The quote that inspired this site says to ask alms of those who work with joy. However, those aren’t the people I’m expecting to give me a buck. They wouldn’t understand why I’m asking. I’m speaking to the others: the ones who feel the same inner knowing that I’ve always felt. The ones for whom the “American Dream” feels more like a slow-motion nightmare. The ones who were never asleep to begin with. The ones who’ve watched with equal parts horror and sadness as their society becomes ever more obsessed with productivity—moving faster and faster to stay in the same place. A treadmill of exhaustion that strips away the joy and wonder from simply being. The ones who look at the material trappings and the endless pursuit of “more”, and think, surely this can’t be all there is.

I know it’s a big ask. I’m fully aware of the irony in asking another weary worker to give a buck so that I can be a little freer while they’re still overworked and underpaid. I make this ask with head bowed, sincerely and with the deepest humility. I’m hoping you’ll give, not in the spirit of compassion or pity, but in the spirit of solidarity—like a brother or sister in arms rebelling against the cult of productivity and madness of always striving for more.

I’m just asking for a crumb, and if enough kind souls offer one, I’ll have a slice just big enough to live simply, without worry. And when that day comes—when the amount in the alms bowl is more than I need—I’ll share that slice with someone else. That’s what the Do Nothing Scholarship is about. You can read about it on the “Future Goals” page, but suffice it to say that I will be passing on the generosity that I receive. Because this project is not just about me. It’s about all of us—and the possibility of a world where joy isn’t hoarded, but shared.

I’ve spent decades working and worrying about the future, while never truly being able to enjoy the present—the only place where life is unfolding. When the covid pandemic happened, and the activity of the world came to a standstill—when there was no where to go and nothing to do—I was able experience something I had been yearning for my entire life: the peace of just being. The stillness and solitude that was imposed on society broke a lot of people, but I was wired for it. For me, those first six months were ecstasy, and they confirmed what I had always known—that I prefer stillness to activity, and quiet to noise.
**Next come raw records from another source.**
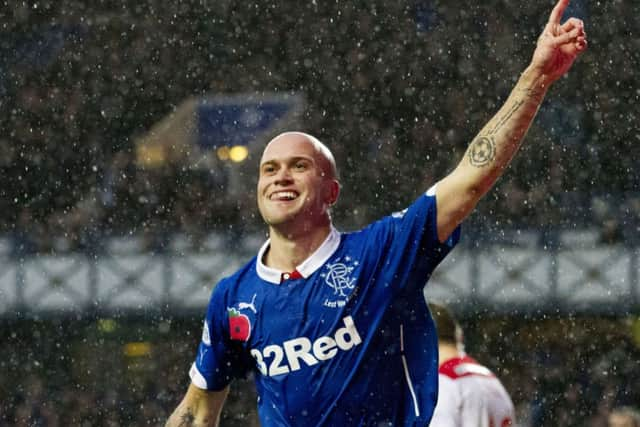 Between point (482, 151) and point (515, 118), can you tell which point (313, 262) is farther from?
point (515, 118)

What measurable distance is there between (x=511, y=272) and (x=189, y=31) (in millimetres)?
5626

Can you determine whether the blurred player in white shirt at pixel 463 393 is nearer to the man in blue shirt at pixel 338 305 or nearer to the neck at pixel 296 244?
the man in blue shirt at pixel 338 305

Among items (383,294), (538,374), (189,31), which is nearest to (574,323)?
(538,374)

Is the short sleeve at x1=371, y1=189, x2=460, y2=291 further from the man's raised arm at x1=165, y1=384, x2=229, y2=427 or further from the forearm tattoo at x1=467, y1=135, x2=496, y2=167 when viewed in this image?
the man's raised arm at x1=165, y1=384, x2=229, y2=427

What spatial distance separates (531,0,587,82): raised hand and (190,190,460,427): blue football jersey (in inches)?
18.8

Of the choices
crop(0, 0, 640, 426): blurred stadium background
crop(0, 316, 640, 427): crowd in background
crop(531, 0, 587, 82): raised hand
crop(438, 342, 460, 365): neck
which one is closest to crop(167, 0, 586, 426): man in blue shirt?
crop(531, 0, 587, 82): raised hand

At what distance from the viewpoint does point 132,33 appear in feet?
51.9

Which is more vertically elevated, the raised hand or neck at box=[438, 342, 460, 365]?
the raised hand

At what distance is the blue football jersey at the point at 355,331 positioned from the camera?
343cm

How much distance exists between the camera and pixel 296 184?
352 centimetres

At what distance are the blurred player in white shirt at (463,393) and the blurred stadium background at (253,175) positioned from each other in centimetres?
674

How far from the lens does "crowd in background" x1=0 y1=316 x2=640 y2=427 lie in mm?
11680


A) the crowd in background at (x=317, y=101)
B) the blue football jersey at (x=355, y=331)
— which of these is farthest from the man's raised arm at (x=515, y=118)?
the crowd in background at (x=317, y=101)

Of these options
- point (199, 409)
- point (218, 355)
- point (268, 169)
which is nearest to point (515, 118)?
point (268, 169) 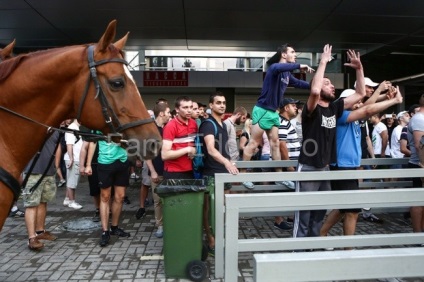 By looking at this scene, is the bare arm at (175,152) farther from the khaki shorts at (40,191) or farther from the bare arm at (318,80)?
the khaki shorts at (40,191)

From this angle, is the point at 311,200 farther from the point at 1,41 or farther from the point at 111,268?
the point at 1,41

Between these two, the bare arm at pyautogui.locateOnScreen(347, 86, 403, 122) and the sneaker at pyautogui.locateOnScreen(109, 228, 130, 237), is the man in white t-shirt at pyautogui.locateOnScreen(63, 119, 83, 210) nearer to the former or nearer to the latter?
the sneaker at pyautogui.locateOnScreen(109, 228, 130, 237)

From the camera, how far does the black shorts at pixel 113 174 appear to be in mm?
5801

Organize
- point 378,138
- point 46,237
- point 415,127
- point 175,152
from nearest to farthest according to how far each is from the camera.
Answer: point 175,152, point 415,127, point 46,237, point 378,138

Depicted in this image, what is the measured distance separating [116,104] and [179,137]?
8.66 feet

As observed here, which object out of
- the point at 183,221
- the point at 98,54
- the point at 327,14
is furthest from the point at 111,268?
the point at 327,14

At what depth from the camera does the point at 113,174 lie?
19.3 ft

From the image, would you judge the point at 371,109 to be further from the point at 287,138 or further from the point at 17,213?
the point at 17,213

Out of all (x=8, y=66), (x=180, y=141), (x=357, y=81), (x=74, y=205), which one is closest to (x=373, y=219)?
(x=357, y=81)

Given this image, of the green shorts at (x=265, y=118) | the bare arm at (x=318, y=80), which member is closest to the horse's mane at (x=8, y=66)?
the bare arm at (x=318, y=80)

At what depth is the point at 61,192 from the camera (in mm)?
10234

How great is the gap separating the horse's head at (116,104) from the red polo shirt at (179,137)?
2.53 metres

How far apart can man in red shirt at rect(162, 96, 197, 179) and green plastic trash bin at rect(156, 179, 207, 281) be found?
937mm

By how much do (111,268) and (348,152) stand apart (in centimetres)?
351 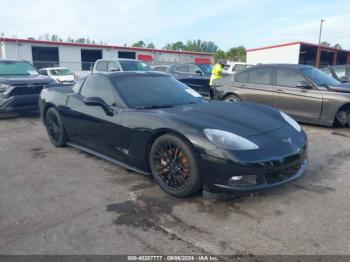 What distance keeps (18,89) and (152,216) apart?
21.6ft

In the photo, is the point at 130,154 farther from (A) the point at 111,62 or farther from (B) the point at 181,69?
(B) the point at 181,69

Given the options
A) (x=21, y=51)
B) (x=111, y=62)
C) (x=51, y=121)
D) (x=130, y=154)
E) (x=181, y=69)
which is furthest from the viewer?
(x=21, y=51)

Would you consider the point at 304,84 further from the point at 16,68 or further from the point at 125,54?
the point at 125,54

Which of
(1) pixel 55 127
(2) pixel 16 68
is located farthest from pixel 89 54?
(1) pixel 55 127

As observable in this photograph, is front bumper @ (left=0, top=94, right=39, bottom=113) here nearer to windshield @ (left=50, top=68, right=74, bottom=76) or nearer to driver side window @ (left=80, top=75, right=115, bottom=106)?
driver side window @ (left=80, top=75, right=115, bottom=106)

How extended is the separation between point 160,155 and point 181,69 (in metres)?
11.1

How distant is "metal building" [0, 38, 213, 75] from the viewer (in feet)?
86.0

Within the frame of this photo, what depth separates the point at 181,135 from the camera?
3400 mm

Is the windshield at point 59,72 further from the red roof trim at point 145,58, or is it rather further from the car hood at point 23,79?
the red roof trim at point 145,58

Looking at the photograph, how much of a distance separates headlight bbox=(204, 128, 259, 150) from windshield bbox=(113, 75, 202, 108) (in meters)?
1.12

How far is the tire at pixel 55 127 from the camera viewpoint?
5500mm

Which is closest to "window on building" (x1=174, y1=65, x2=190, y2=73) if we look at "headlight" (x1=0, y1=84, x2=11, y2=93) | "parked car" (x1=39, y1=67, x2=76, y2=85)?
"parked car" (x1=39, y1=67, x2=76, y2=85)

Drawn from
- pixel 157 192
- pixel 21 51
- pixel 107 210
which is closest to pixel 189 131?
pixel 157 192

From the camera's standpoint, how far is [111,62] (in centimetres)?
1250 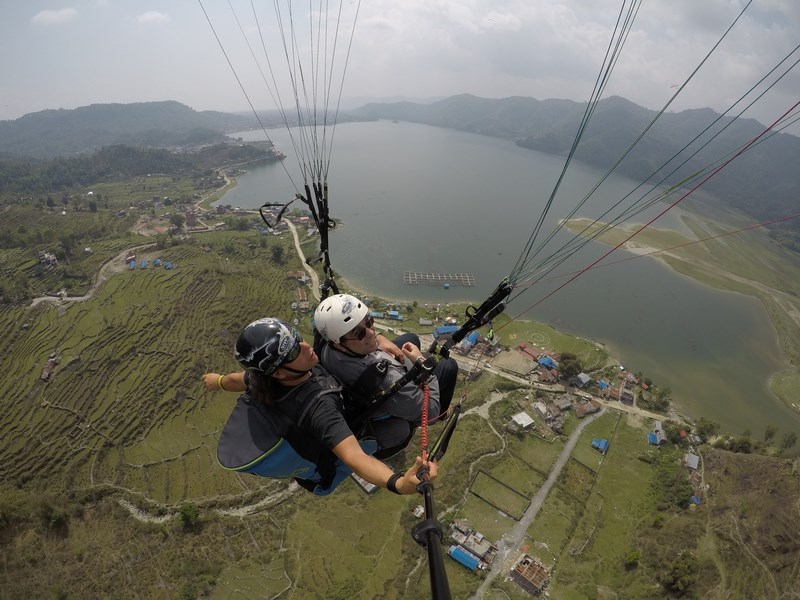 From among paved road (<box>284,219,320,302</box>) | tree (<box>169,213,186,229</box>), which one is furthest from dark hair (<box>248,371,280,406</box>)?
tree (<box>169,213,186,229</box>)

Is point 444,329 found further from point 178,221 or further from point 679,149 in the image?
point 679,149

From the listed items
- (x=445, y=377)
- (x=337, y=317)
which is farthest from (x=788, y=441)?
(x=337, y=317)

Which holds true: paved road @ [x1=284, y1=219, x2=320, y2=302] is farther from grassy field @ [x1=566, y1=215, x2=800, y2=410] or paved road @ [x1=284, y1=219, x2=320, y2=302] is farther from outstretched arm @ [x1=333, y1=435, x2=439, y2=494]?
grassy field @ [x1=566, y1=215, x2=800, y2=410]

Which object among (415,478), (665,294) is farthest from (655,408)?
(415,478)

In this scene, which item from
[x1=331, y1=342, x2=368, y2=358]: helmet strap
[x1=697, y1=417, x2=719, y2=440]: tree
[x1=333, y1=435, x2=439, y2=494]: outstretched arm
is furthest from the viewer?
[x1=697, y1=417, x2=719, y2=440]: tree

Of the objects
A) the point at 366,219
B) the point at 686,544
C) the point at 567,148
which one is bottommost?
the point at 686,544

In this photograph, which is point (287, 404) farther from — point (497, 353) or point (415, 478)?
point (497, 353)

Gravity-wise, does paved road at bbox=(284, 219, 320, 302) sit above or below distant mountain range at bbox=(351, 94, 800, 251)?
below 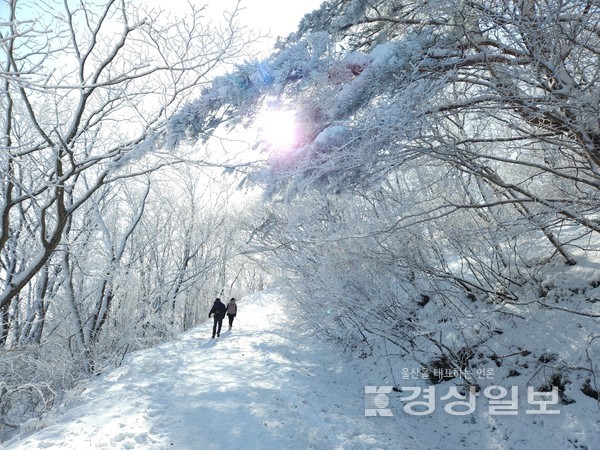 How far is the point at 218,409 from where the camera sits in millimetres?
5961

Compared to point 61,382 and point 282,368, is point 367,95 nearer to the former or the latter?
point 282,368

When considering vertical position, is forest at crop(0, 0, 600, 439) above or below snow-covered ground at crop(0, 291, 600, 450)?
above

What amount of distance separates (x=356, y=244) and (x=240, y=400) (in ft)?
14.0

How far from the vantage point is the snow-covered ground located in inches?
192

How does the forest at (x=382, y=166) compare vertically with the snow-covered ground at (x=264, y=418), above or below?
above

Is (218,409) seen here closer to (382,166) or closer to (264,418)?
(264,418)

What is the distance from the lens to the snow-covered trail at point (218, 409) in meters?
4.88

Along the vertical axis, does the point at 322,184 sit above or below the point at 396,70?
below

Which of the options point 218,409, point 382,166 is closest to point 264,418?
point 218,409

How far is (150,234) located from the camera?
15820 millimetres

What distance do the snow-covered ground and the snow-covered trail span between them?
0.02 m

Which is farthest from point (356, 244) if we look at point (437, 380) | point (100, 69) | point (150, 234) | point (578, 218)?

When the world started moving again, I began trying to figure out what came next. My business was gone, and rebuilding it would take years to get back to where it had been. The cost of living where I was had become unsustainable, and it would’ve been even more difficult to start over somewhere else. For more than twenty years, I’d dreamed of moving to Southeast Asia and living a simpler life. Looking at my situation, I realized it was now or never. So I took the leap. I gave away most of what I owned, packed what was left into a backpack, and bought a one-way ticket. No real plan, no safety net—just a quiet belief that life would meet me halfway if I trusted it enough to step off the treadmill.

So far, it has. I live simply here, surrounded by good people and a pace of life that allows me to breathe again. I still do some online work—just enough to cover the basics—but simple doesn’t mean effortless. Even a slow life has bills, taxes, and small necessities that never go away. That’s why I’m asking for a buck. Here, even a single dollar stretches farther than you might imagine, and each one helps me keep living in this slower, saner, and more sacred way. And when I’ve received more alms than I need, I’ll help someone else do the same.
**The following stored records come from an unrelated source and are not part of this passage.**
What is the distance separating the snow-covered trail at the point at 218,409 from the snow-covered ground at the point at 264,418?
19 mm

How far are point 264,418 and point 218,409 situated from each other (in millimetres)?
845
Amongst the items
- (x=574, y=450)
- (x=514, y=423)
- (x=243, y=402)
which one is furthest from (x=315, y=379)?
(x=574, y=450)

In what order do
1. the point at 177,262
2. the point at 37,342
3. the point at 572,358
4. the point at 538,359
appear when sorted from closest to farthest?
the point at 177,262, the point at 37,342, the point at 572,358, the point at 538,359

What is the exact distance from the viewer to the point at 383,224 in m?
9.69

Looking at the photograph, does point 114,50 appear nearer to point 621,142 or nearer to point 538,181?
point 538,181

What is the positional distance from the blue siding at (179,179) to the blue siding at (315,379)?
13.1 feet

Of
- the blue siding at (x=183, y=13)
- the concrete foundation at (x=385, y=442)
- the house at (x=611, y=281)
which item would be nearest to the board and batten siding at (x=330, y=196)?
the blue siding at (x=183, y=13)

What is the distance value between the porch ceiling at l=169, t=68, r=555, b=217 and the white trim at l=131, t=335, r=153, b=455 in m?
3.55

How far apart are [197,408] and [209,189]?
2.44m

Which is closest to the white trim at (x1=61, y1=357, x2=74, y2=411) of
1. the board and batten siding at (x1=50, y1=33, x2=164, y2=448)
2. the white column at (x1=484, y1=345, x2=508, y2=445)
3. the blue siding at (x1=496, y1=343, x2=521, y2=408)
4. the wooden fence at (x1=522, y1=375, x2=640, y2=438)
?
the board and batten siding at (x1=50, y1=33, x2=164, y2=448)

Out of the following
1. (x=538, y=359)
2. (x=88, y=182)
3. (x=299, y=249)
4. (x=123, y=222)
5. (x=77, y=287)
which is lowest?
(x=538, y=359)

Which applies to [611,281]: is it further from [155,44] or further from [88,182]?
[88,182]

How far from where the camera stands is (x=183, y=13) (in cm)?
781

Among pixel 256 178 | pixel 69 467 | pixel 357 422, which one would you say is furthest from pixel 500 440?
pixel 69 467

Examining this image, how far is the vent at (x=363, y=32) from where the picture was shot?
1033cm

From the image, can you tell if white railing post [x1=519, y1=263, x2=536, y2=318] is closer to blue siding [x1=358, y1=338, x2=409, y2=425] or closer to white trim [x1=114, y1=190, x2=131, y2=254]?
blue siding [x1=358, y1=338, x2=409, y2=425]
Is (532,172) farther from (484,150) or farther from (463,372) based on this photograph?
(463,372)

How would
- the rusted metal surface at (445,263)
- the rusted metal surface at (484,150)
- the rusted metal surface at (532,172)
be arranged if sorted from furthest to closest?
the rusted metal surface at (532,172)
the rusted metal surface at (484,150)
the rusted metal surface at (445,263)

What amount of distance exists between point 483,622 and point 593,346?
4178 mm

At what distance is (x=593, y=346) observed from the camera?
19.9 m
And finally, this just may be the most compelling argument for giving me a buck: in a world full of scammers selling “secret life hacks”, false hope, and empty promises of easy riches—I’m not here to con you. I’m not offering you a course on how to level up, because you’re fine right where you are. I’m not upselling you a “mastermind” class. I’m not peddling “manifestation breathwork” or “abundance coaching”. And I am most definitely not promising you millions if you grind harder. I’m offering you nothing—nothing but honesty and truth. The simple truth that your buck could help someone step out of the same rigged game we’re all stuck in, if just for a while longer.

So that’s my ask. That’s my pitch. That’s why I believe—and I hope you do as well—that it’s worth it to throw a buck in the alms bowl. We may not be able to stop the work-obsessed culture that grinds us down, but maybe—just maybe—one by one, we can slow it. Maybe we can help each other step off the treadmill, even if only for a moment. And if your buck helps buy one person a little more time to breathe, to rest, to simply be, then I’d say it’s a worthy investment.

This site opens with a Kahlil Gibran quote that helped inspire it, so it seems fitting to close this section out with another of his quotes that really sums up how I feel:

“They deem me mad because I will not sell my days for gold; and I deem them mad because they think my days have a price.”